Report says over 50,000 'children in conflict with law' await justice amid high pendency in Juvenile Justice Boards
The juvenile justice system in India seems stuck in a legal hamster wheel where over 50,000 children await resolution, and justice moves slower than a snail on a sticky note. Despite the system's intended role as a swift protector and rehabilitator, many Juvenile Justice Boards (JJBs) are crippled by staffing shortages, incomplete benches, and backlogs that keep cases dragging on for years.

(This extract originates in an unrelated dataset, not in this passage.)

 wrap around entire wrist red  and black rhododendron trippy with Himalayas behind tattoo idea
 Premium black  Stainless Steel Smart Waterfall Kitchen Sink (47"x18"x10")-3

It’s an ironic tragedy when the very entities designed to safeguard children's futures trap them instead in a maze of pending cases and systemic neglect.
This sobering report from the India Justice Report (IJR) offers a detailed view of these systemic challenges as of October 2023. It reveals that 55% of over 1 lakh cases before 362 JJBs across 18 states and two Union Territories remain unresolved, with pendency rates alarmingly high—peaking at 83% in Odisha and lowest at 35% in Karnataka. Structural gaps such as one in four JJBs functioning without a full bench, lack of legal aid clinics in 30% of boards, and under-inspected residential homes jeopardize the rehabilitation mandate of the Juvenile Justice Act. The findings underscore deep inequities and urgent needs for reform to reduce delays, improve infrastructure, and reinforce staff capacities to meaningfully deliver justice to children in conflict with the law.